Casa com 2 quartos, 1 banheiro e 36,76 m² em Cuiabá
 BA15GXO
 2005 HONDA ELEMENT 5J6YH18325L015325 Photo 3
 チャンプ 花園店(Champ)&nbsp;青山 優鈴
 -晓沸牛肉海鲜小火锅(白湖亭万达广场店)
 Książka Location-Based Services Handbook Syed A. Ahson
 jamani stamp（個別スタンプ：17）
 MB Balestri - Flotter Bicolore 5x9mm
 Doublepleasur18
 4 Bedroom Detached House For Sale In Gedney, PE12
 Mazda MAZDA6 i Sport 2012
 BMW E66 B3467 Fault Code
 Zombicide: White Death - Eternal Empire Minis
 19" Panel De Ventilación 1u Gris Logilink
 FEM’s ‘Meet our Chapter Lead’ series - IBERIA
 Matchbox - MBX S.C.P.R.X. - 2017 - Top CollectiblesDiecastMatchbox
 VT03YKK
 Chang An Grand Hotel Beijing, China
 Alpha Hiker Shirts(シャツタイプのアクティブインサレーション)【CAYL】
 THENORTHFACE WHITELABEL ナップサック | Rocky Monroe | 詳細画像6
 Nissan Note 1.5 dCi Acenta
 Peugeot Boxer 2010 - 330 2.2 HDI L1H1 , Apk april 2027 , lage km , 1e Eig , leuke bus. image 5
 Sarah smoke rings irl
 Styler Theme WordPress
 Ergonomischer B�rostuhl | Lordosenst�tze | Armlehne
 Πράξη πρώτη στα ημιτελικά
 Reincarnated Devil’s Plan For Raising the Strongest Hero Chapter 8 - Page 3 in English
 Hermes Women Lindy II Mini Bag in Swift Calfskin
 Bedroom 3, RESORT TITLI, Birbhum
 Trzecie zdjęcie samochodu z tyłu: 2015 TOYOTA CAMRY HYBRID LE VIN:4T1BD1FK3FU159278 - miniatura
++++
• [Assignment]
Reproduce exactly the lines of the records above from the one with "2005 HONDA ELEMENT 5J6YH18325L015325 Photo 3" to the one with "Nissan Note 1.5 dCi Acenta", both included, and leave out everything else.

• [Solution to the problem]
 2005 HONDA ELEMENT 5J6YH18325L015325 Photo 3
 チャンプ 花園店(Champ)&nbsp;青山 優鈴
 -晓沸牛肉海鲜小火锅(白湖亭万达广场店)
 Książka Location-Based Services Handbook Syed A. Ahson
 jamani stamp（個別スタンプ：17）
 MB Balestri - Flotter Bicolore 5x9mm
 Doublepleasur18
 4 Bedroom Detached House For Sale In Gedney, PE12
 Mazda MAZDA6 i Sport 2012
 BMW E66 B3467 Fault Code
 Zombicide: White Death - Eternal Empire Minis
 19" Panel De Ventilación 1u Gris Logilink
 FEM’s ‘Meet our Chapter Lead’ series - IBERIA
 Matchbox - MBX S.C.P.R.X. - 2017 - Top CollectiblesDiecastMatchbox
 VT03YKK
 Chang An Grand Hotel Beijing, China
 Alpha Hiker Shirts(シャツタイプのアクティブインサレーション)【CAYL】
 THENORTHFACE WHITELABEL ナップサック | Rocky Monroe | 詳細画像6
 Nissan Note 1.5 dCi Acenta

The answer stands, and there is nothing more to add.